Taken from the book entitled The Sinner’s Guide by the Venerable Louis of Granada 





Besides those who defer their conversion till the hour of death, there are others who persevere in sin, trusting in the mercy of God and the merits of His Passion. We must now disabuse them of this illusion. You say that God’s mercy is great, since He died on the cross for the salvation of sinners. It is indeed great, and a striking proof of its greatness is the fact that He bears with the blasphemy and malice of those who so presume upon the merits of His death as to make His cross, which was intended to destroy the kingdom of evil, a reason for multiplying sin. Had you a thousand lives you would owe them all to Him, yet you rob Him of that one life which you have and for which He died. 
This crime was more bitter to Our Saviour than death itself.

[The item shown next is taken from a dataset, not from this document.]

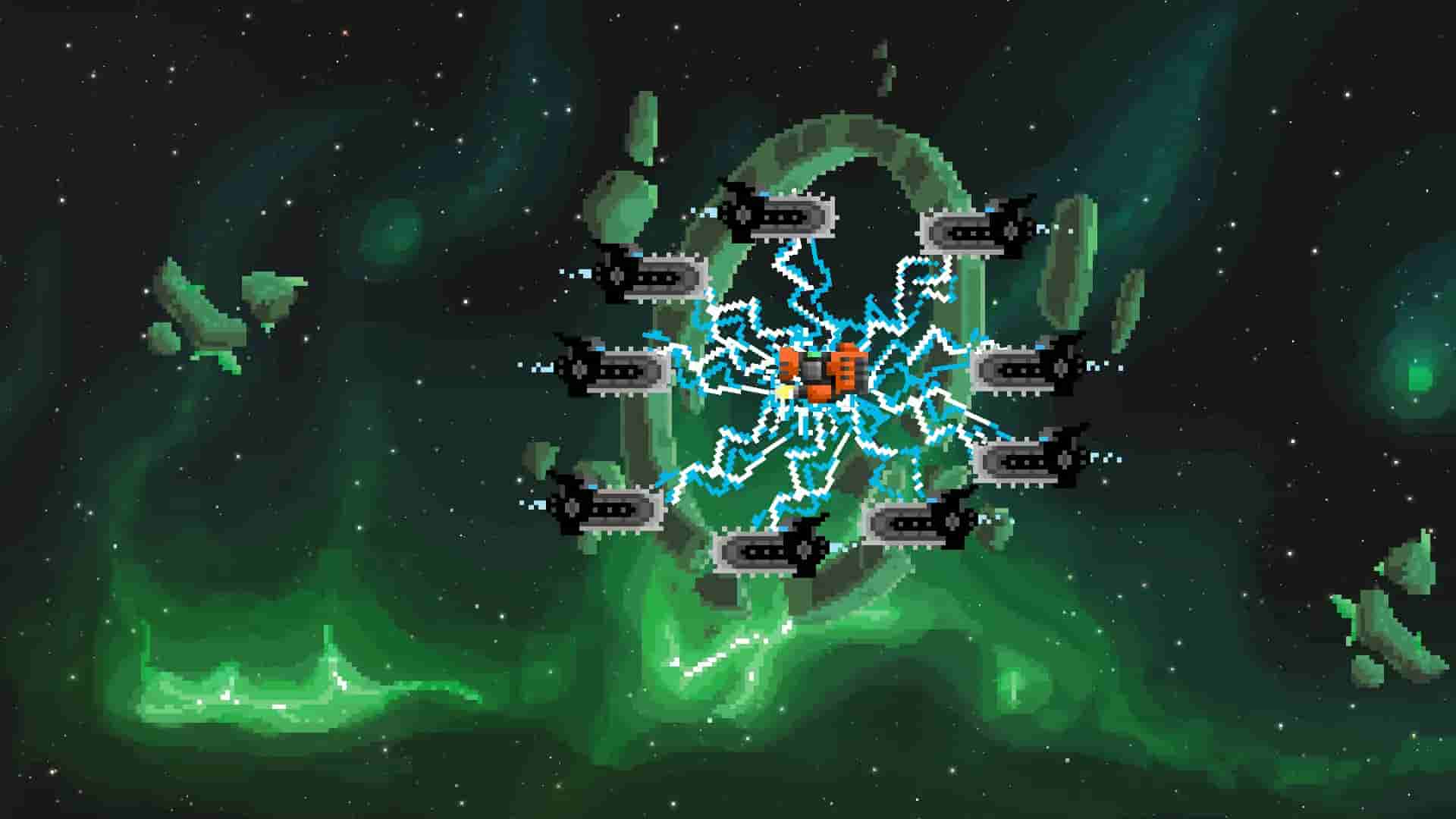 Steredenn screenshot thumbnail screenshot 3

For it He reproaches us by the mouth of His prophet, though He does not complain of His sufferings: “The wicked have wrought upon my back; they have extended their iniquity.” (Ps. 128:3). Who taught you to reason that because God was good you could sin with impunity? Such is not the teaching of the Holy Spirit. On the contrary, those who listen to His voice reason thus: God is good; therefore, I must serve Him, obey Him, and love Him above all things. God is good; therefore, I will turn to Him with all my heart; I will hope for pardon, notwithstanding the number and enormity of my sins. God is good; therefore, I must be good if I would imitate Him. God is good; therefore, it would be base ingratitude in me to offend Him by sin. Thus, the greater you represent God’s goodness the more heinous are your crimes against Him. Nor will these offenses remain unpunished, for God’s justice, which protects His mercy, cannot permit your sinful abuse of it to remain unavenged. This is not a new pretext; the world has long made use of it. In ancient times it distinguished the false from the true prophets. While the latter announced to the people, in God’s name, the justice with which He would punish their iniquities, the former, speaking in their own name, promised them mercy which was but a false peace and security.
You say God’s mercy is great; but if you presume upon it you show that you have never studied the greatness of His justice. Had you done so you would cry out to the Lord with the psalmist: “Who knoweth the power of thy anger, and for thy fear who can number thy wrath?” (Ps. 89:11-12). But to dissipate your illusion, let me ask you to contemplate this justice in the only way in which we may have any knowledge of it – that is, in its effects here below. Besides the result we are seeking, we shall reap another excellent advantage by exciting in our hearts the fear of God, which, in the opinion of the saints, is the treasure and defence of the soul. Without the fear of God the soul is like a ship without ballast; the winds of human or divine favor may sweep it to destruction. Notwithstanding that she may be richly laden with virtue, she is in continual danger of being wrecked on the rocks of temptation, if she be not stayed by this ballast of the fear of God. Therefore, not only those who have just entered God’s service, but those who have long been of His household, should continue in this salutary fear; the former by reason of their past transgressions, the latter on account of their weakness, which exposes them to danger at every moment. This holy fear is the effect of grace, and is preserved in the soul by frequent meditation.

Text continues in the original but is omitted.